01 Nov 2006, 10:30 a.m.

Decision Theories

Hi, reader. I wrote this in 2006 and it's now more than five years old. So it may be very out of date; the world, and I, have changed a lot since I wrote it! I'm keeping this up for historical archive purposes, but the me of today may 100% disagree with what I said then. I rarely edit posts after publishing them, but if I do, I usually leave a note in italics to mark the edit and the reason. If this post is particularly offensive or breaches someone's privacy, please contact me.

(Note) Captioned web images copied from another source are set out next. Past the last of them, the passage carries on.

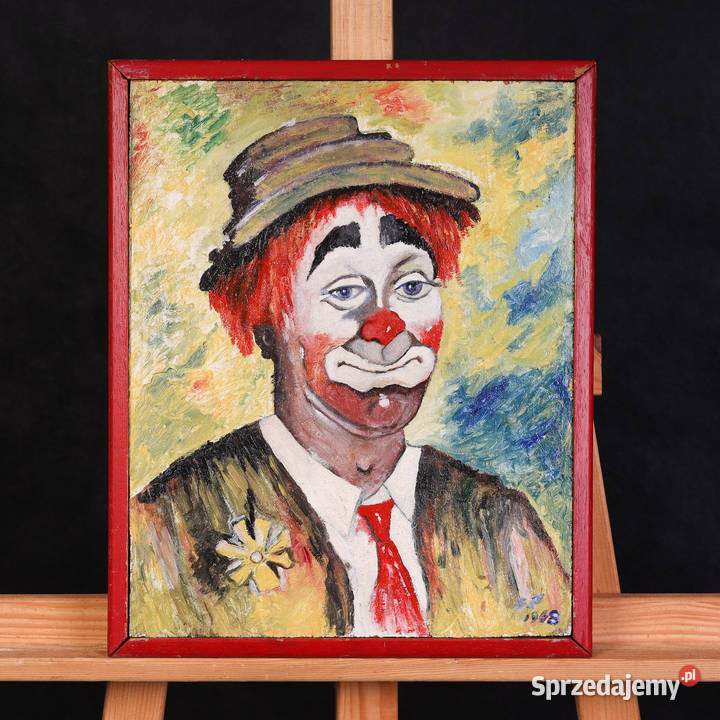 ARTexpert Obraz na płycie portret klamun Dobrzany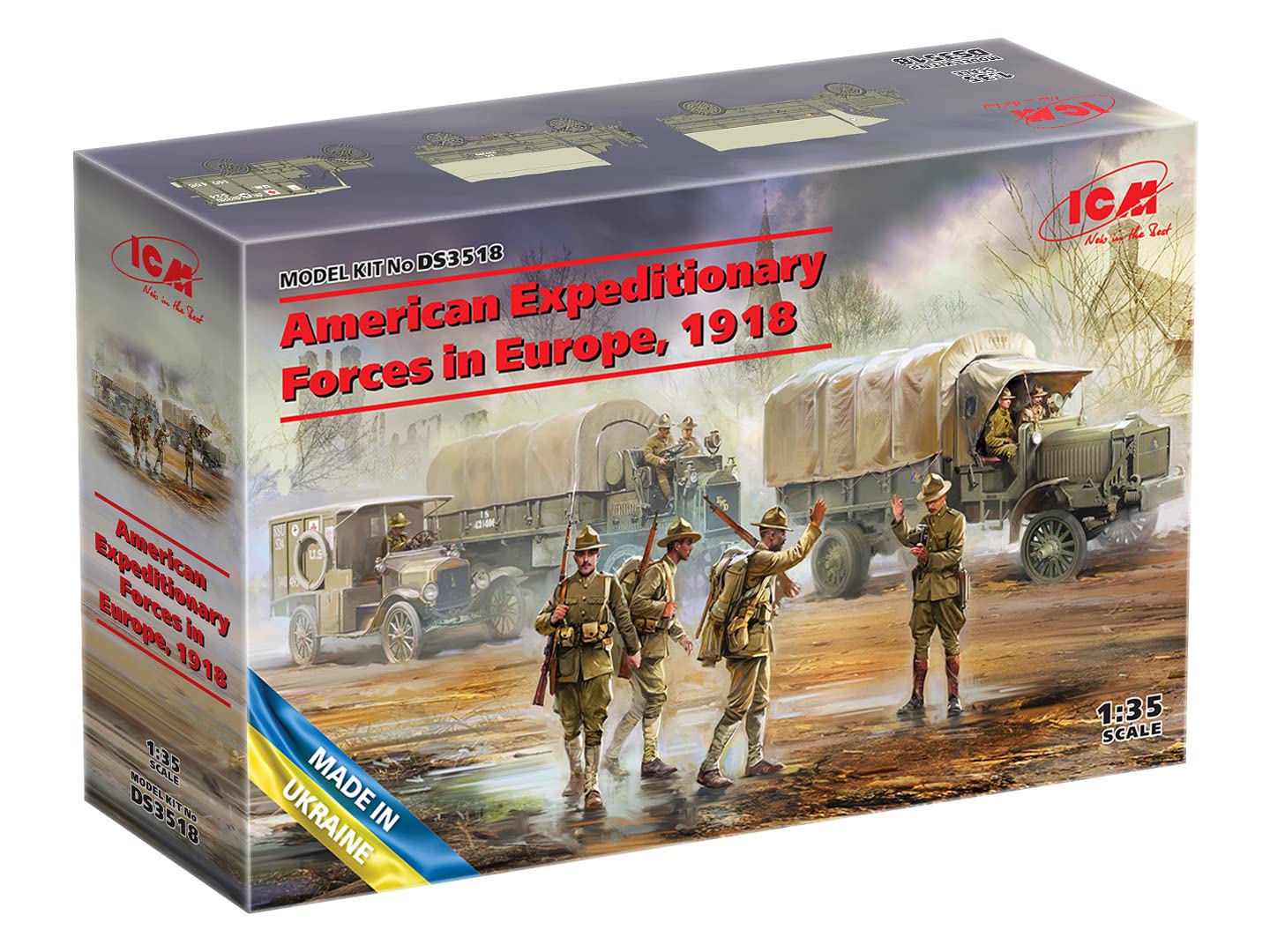 ICM Diorama 1:35 - American Expeditionary (Europe) 1918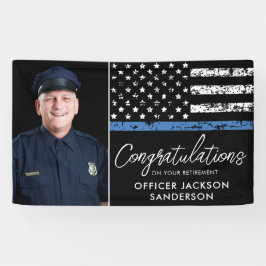 警察官退職法執行写真 横断幕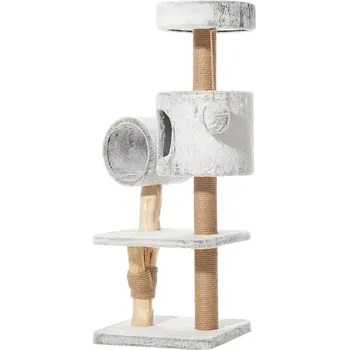 Nobby Škrabadlo pro kočky RUNA 48 x 48 x 129 cm hnědá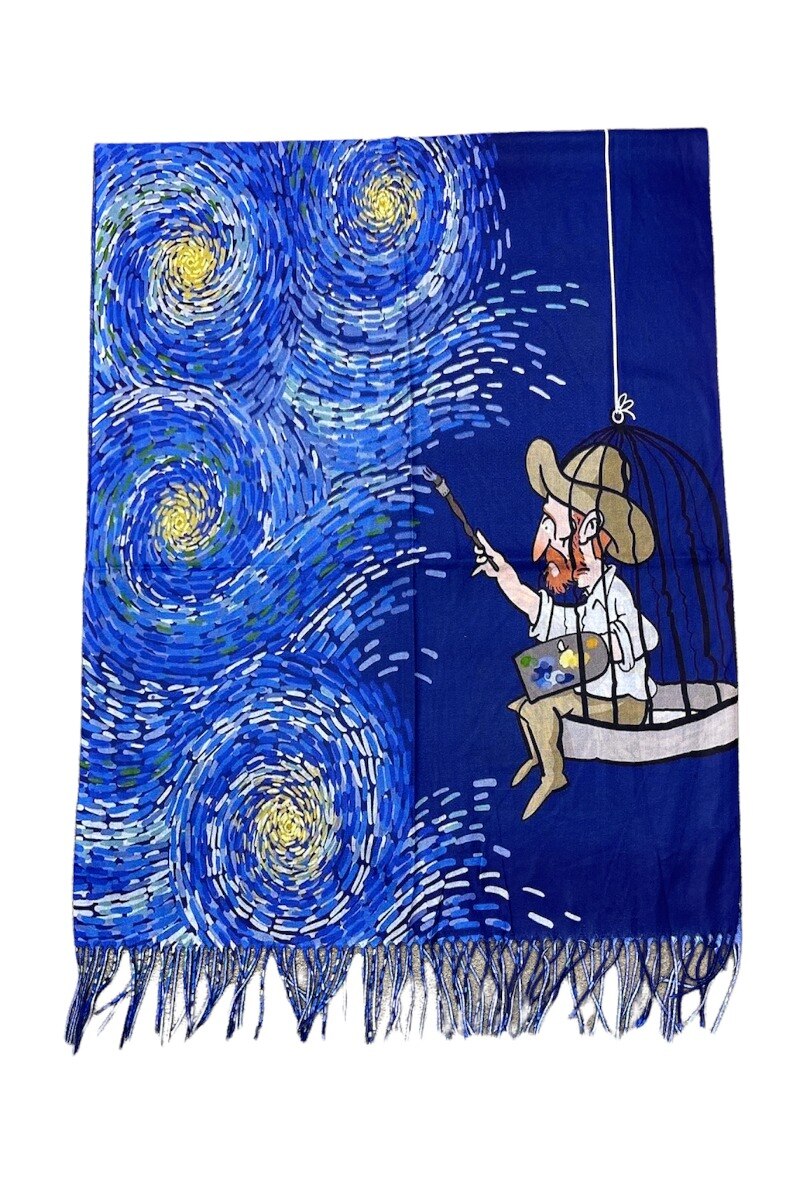 Wholesaler By Oceane - Painting printed scarfs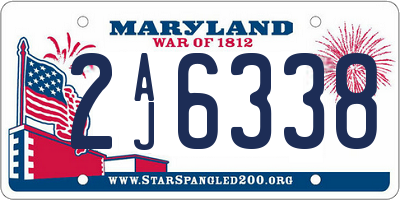 MD license plate 2AJ6338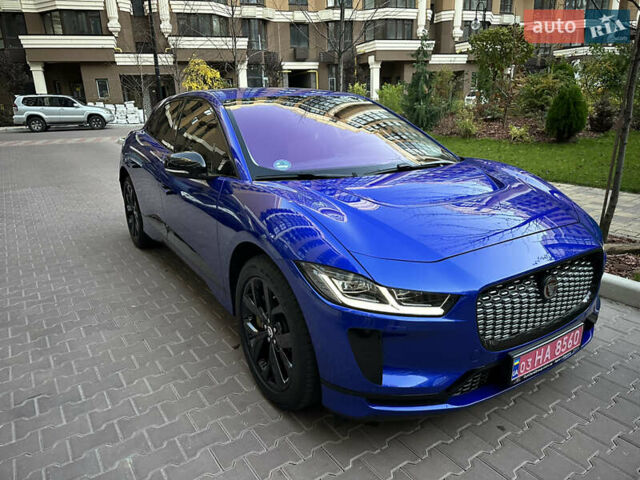 Синий Ягуар I-Pace, объемом двигателя 0 л и пробегом 25 тыс. км за 45100 $, фото 2 на Automoto.ua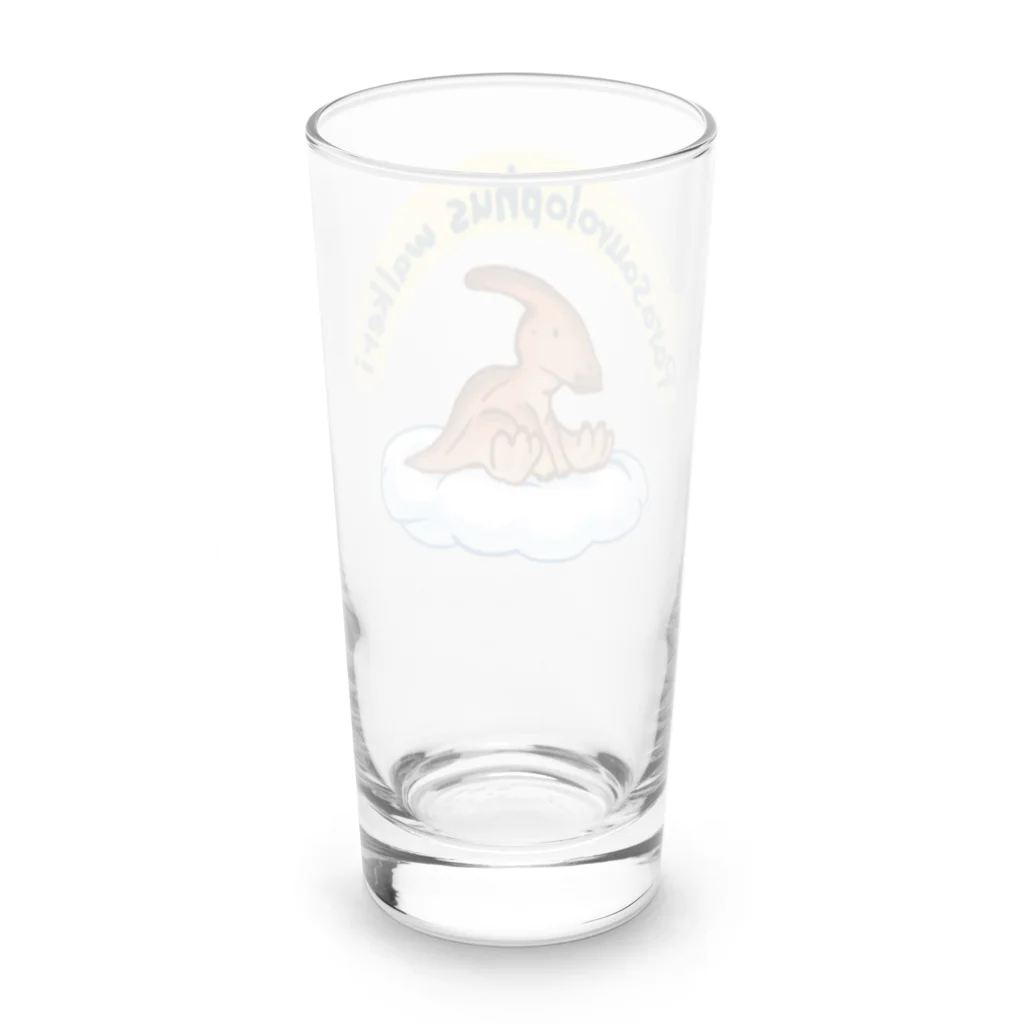 segasworksのゆるパラサウロロフス Long Sized Water Glass :back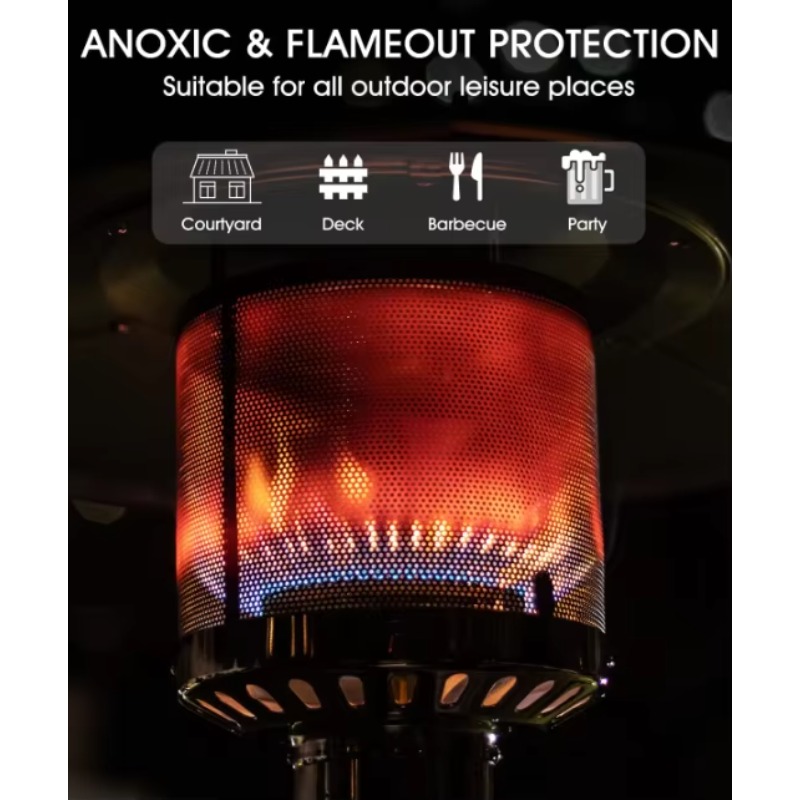 Riscaldatori da esterno con ru - Patio Heater Standing recensione e prezzo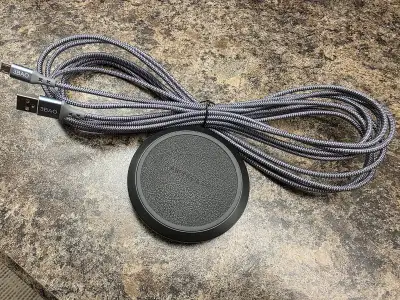 wireless charger and New cable long , View more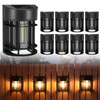 Solar Fence Lights Outdoor, 8 Pack Waterproof Solar Lights Outdoor,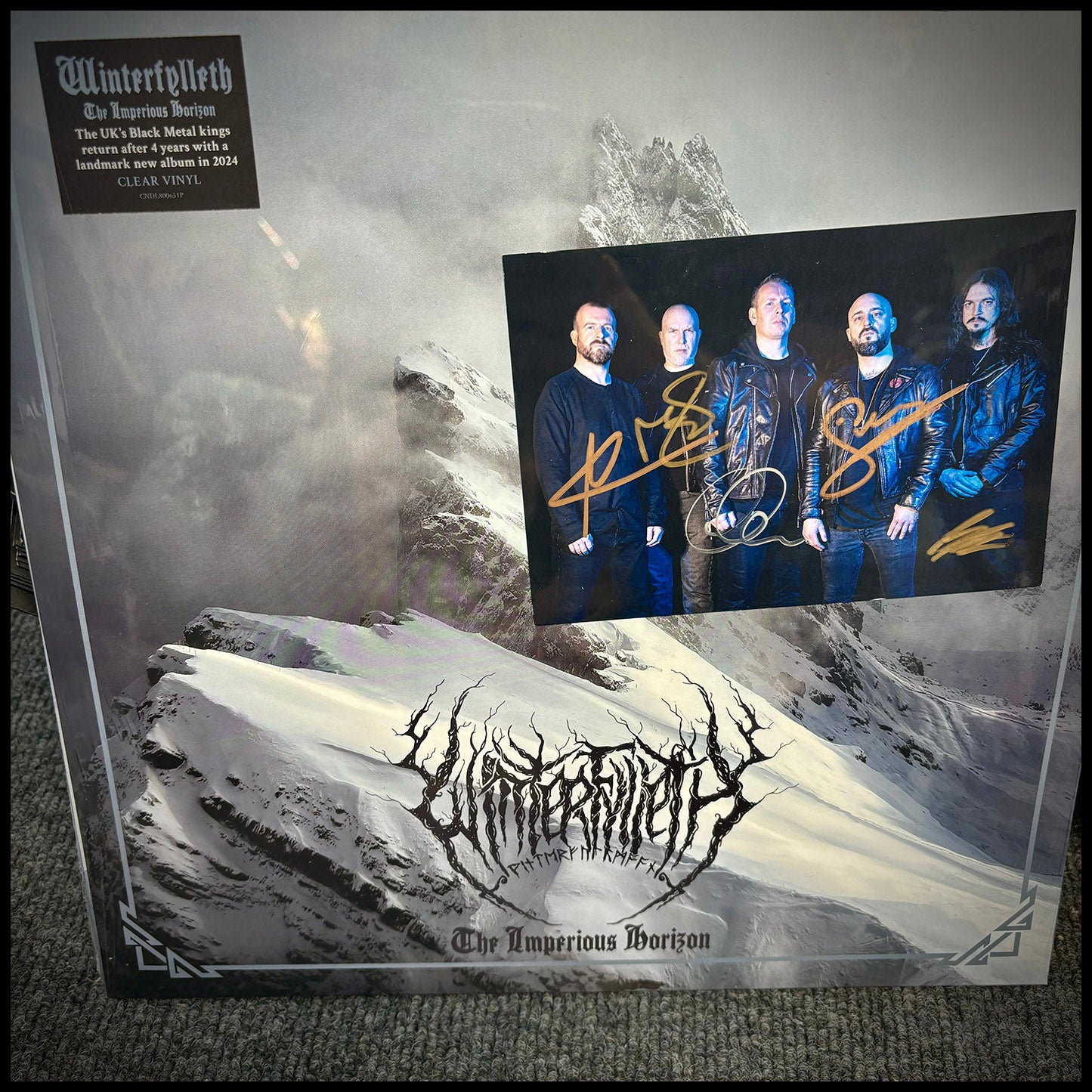 WINTERFYLLETH: The Imperious Horizon 2LP (double vinyl with signed postcard) *new*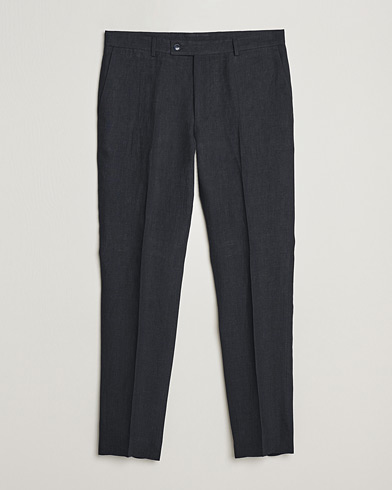 Herren | Leinenhosen | Morris | Bobby Linen Suit Trousers Navy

Avoiding Projects Pursued By Morons 101:

There is much made by people who long for the days of their fourth form debating society about the fallacy of "argumentum ad hominem". There is, as I have mentioned in the past, no fancy Latin term for the fallacy of "giving known liars the benefit of the doubt", but it is in my view a much greater source of avoidable error in the world. Audit is meant to protect us from this, which is why audit is so important.

Avoiding hiring morons:

If the basic concepts aren't so easy that you don't even have to think about them, you're not going to get the big concepts....

You see, if you can't whiz through the easy stuff at 100 m.p.h., you're never gonna get the advanced stuff.

Comments

jacob
http://www.rose-hulman.edu/~krallja
01 Nov 2006, 14:39 p.m.

"Everything I Know I Learned At A Very Expensive University"! Hahaha.